BACK in 1996, Tony Blair was the hippest young politician in the country and John Major didn’t know what he was doing. Paul Gascoigne’s drinking habits were heroic and the Three Lions (on his shirt) shoulder-barged Gina G’s Ooh Aah… Just A Little Bit masterpiece off the top of the UK charts. Princess Diana was still fighting the good fight while Noel and Liam Gallagher claimed putting cocaine on their cornflakes was the secret of their success. Nicholas Cage was named the Best Actor at the 68th Academy Awards and Mel Gibson was the Best Director. The Samaritans set up a special helpline for suicidal Take That fans following the band’s break-up, but it was the arrival of The Spice Girls that should really be credited for easing the heartache. Linford Christie said a sad goodbye to Olympic competition when he was disqualified in the 100-metre final for two false starts.

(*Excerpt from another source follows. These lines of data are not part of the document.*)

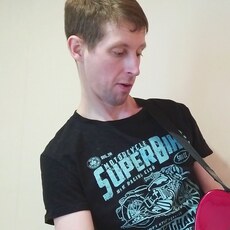 Владлен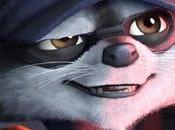 Cooper podría volver según rumores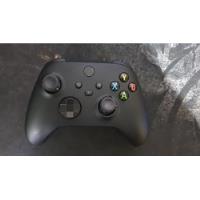 Usado, Joystick Xbox Series X Para Repuesto. segunda mano  Argentina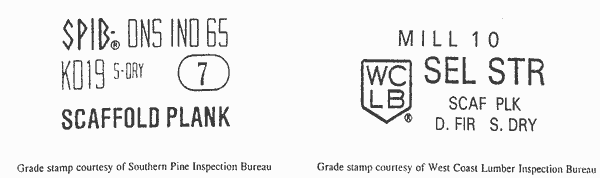 IMAGE: EXAMPLE STAMPS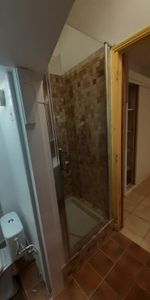 Location Appartement 1 pièce 18m² AGEN 47000 - Photo 4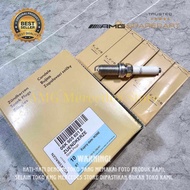06K905601B SPARK PLUG AUDI A3 A5 A6 Q3 Q5 A4 B8.5 GOLF 7 1.8 2.0 TSI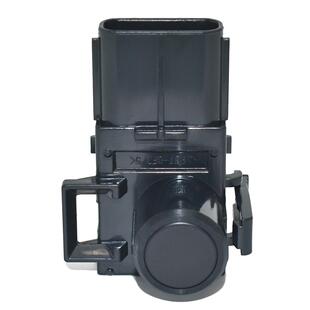 BAIXINDE6 倒车雷达 Parking sensor 89341-48010 现货库存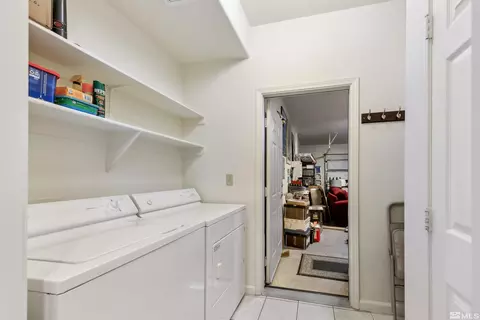900 S Meadows Pkwy, Reno, NV 89521 photo 15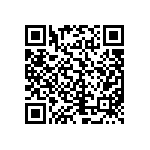 ISL89400ABZ-TK_222 QRCode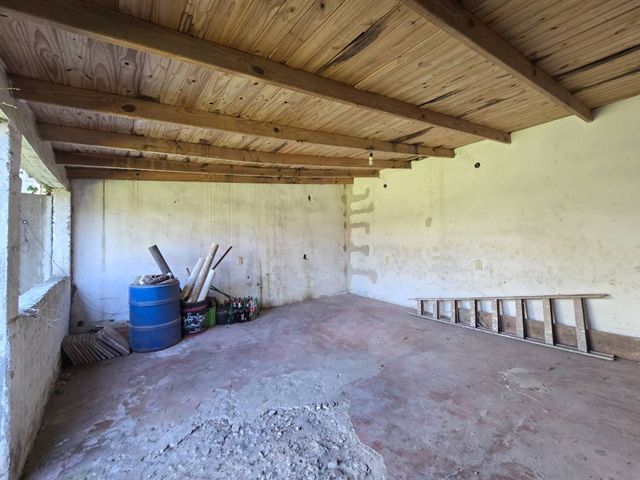 place photo 39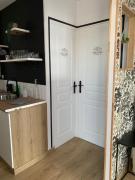 Top Sablé-sur-Sarthe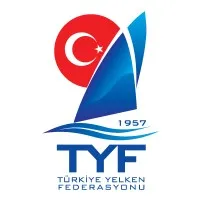 Türkiye Yelken Federasyonu Türkiye Yelken Federasyonu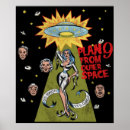Suche nach shirt poster Comic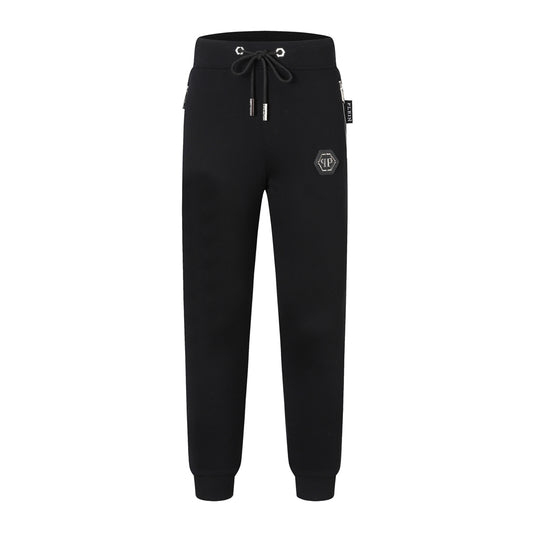 US-PIein 2025ss Sports sweatpants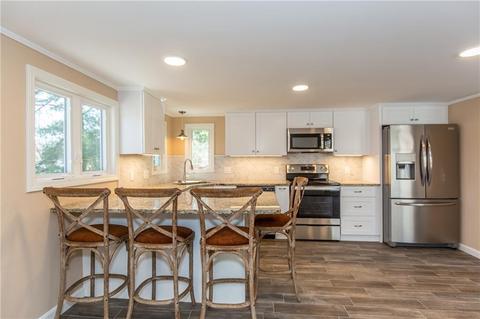 35 Pine Tree Rd, Coventry, RI 02816 photo 9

Ewan McGregor, meanwhile, shaved his head and sprinted through the streets of Edinburgh as Trainspotting posters became the wallpaper of choice for students up and down the country.
Nigel Benn lost three fights in a row and he retired.
Twenty-three years ago. A lifetime ago. A time before the internet and social media dominated everyone’s existences. A better time? Maybe. Maybe not. There were still bombs going off and murders and shootings. In truth, the ageing process steals any real sense of perspective when it comes to comparing yesterday with today. Optimism was rife in 1996, though. For a short time, almost anything seemed possible.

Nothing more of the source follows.